Nutrient status and statistical evaluation

The groundwater nitrate concentrations, which served as indicators for the nutrient status, were found to be distributed heterogeneously. The distribution partly followed a trend expected from the distribution of the nitrate leaching potential and the computed nutrient budget. In the north and west of the federal state, the occurrence of high groundwater nitrate concentration was roughly located in areas with high nutrient budgets and high nitrate leaching potentials. These conditions were particularly found in the area of the Geest. Conforming to the poor sandy soils of the Geest area, the nitrate leaching potentials were relatively high. The same co-occurrence was found for low concentrations and potentials.

In the eastern part of Schleswig-Holstein, the groundwater nitrate concentration cannot be easily explained by the distribution of the nitrogen budget and nitrate leaching potential. Even though, the area is characterised by low to medium nitrate-leaching potentials as well as relatively low nutrient budgets, a large area is featured by relatively high groundwater nitrate concentrations. As the Bornhöved Lakes District is located at the western boundary of the hotspot, high groundwater nitrate concentrations (>50 mg/l) were found in approximately half of the case study area, declining from southeast to northwest. This trend follows the distribution of the nitrate leaching potentials. In order to find out more about the interrelations of the datasets, including the potential supply of the ecosystem service nutrient regulation, a statistical evaluation was performed in the form of a rank-order correlation analysis. The parameters, nitrogen budget, nutrient regulation potential, nitrate leaching potential and groundwater nitrate concentration, were correlated with each other for all different datasets (Fig. 12).

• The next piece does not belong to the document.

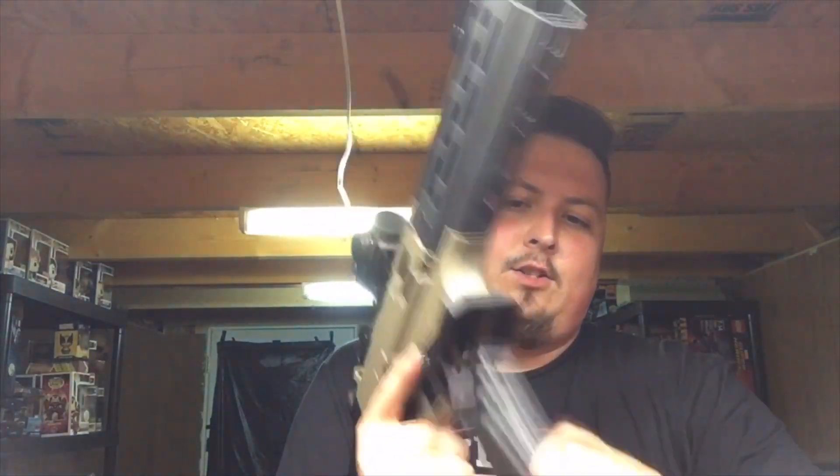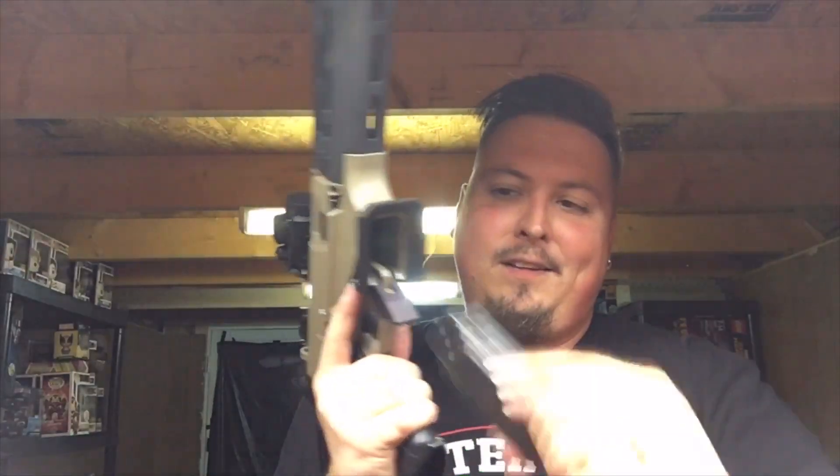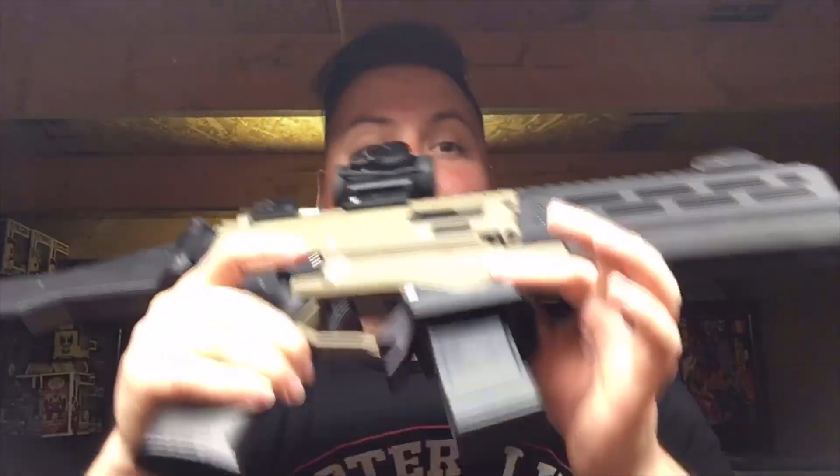You get the point. As long as you get it in the general area — that first one I was hitting it up against the mag release — but that thing is actually pretty sweet. Hit up Guns 3D.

The correlation analysis revealed a positive correlation between the nitrate leaching potential and the groundwater nitrate concentration. This correlation was expected. For the Bornhöved Lakes District, this correlation was stronger than for the datasets covering the whole federal state. The correlation between nutrient regulation potential and the groundwater nitrate concentration only fulfilled the (expected) negative correlation for the Bornhöved Lakes District. As a consequence, the same was true for the correlation between the nitrate leaching potential and the nutrient regulation potential. It is noticeable that the spatially more explicit datasets indicated a negative correlation between the nitrogen budget and the nutrient regulation potential. This correlation implies that there is a spatial mismatch between the ecosystem service potential supply and demand in the study area. The more aggregated nitrogen budget datasets suppress this condition. However, the statistical analysis could not prove the expected positive influence of the nitrogen budget on the groundwater nitrate concentration. This circumstance provokes the question whether thegroundwater nitrate concentration dataset is suitable as a nitrogen status indicator as the opposite effect could be expected from existing knowledge (Wick et al. 2012).

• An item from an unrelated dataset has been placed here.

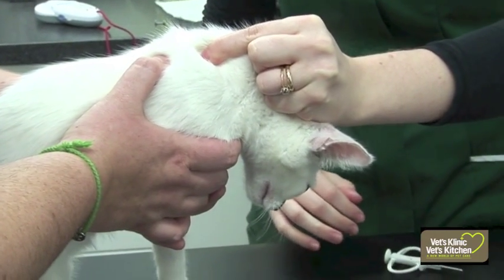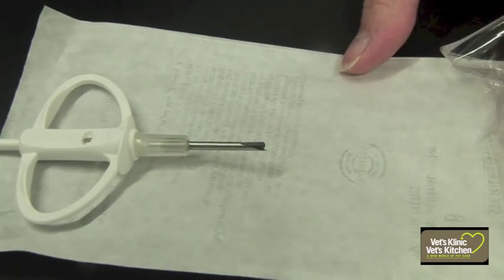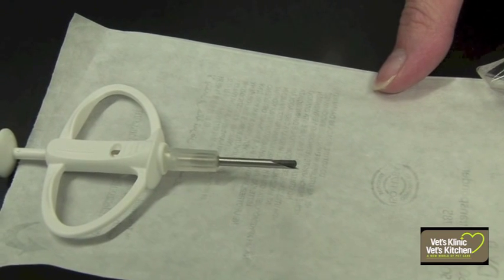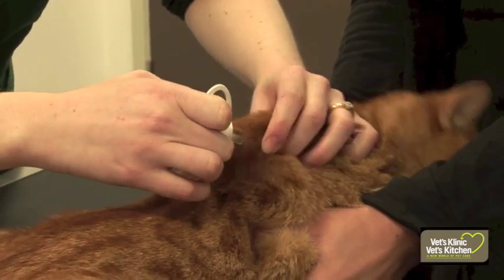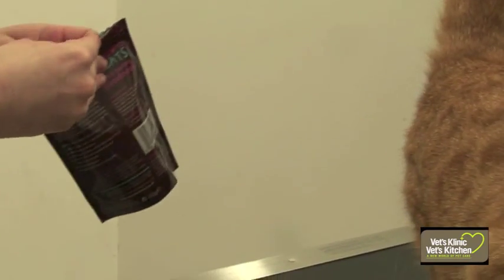It takes a matter of seconds to place, and then it can stay in for the whole of the animal's life. The actual process of placing the microchip involves using a needle, which has the microchip on the inside, and in order for the microchip to pass through the needle, the needle itself does have to be quite wide, so unfortunately it can be a little bit uncomfortable. We tend to distract the patient with treats while we place it, which works quite well.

Previous publications (Taube et al. 2015, Rumohr et al. 1996) and Directives have specified groundwater nitrate concentration as an indicator for the nitrogen status of an area. On this account, the same indicator was selected for this research. Official data on groundwater nitrate concentrations at the measuring stations was provided by the MELUR (2016) in the online portal Wasserkörper- und Nährstoffinformationssystem Schleswig-Holstein. Thus, the same data on nitrate concentrations in Schleswig-Holstein’s groundwater bodies as in previous studies were used in this study. The data available from the measuring stations was interpolated (employed interpolation method: IDW) for the whole study area. The fact that this indicator is not based on a spatially continuous original dataset but only on approximately 230 values (measuring stations) for the whole area of Schleswig-Holstein has to be considered a limitation. This limitation became even more evident for the Bornhöved Lakes District, because only one original data point is located within the study area (Fig. 10). The surrounding area of the Bornhöved Lakes District with high groundwater nitrate concentrations is also featured by only a few measuring stations. This circumstance decreased the certainty and the accuracy of the extent of the groundwater nitrate concentration hotspots and may lead to incorrect correlations with regard to the nutrient status. Rumohr et al. (1996) measured groundwater nitrate concentrations in the Bornhöved Lakes District in the first half of the 1990s at eight measuring stations. They discovered that the groundwater nitrate concentrations on agricultural grounds were higher compared to other ecosystems. It can be assumed that the results of the statistical analysis with such accurate data on the current groundwater nitrate concentrations would correspond better with the expected values. Besides, the diverse measurement and quantification units of the different parameters also decrease the explanatory power of the statistical analysis. In particular, the comparison between physical entities (i.e. kilogram nitrogen per hectare per year) and the specification of nutrient regulation potential and nitrate leaching potential on a relative scale from zero and one to five, can lead to decreasing quality of the outcomes.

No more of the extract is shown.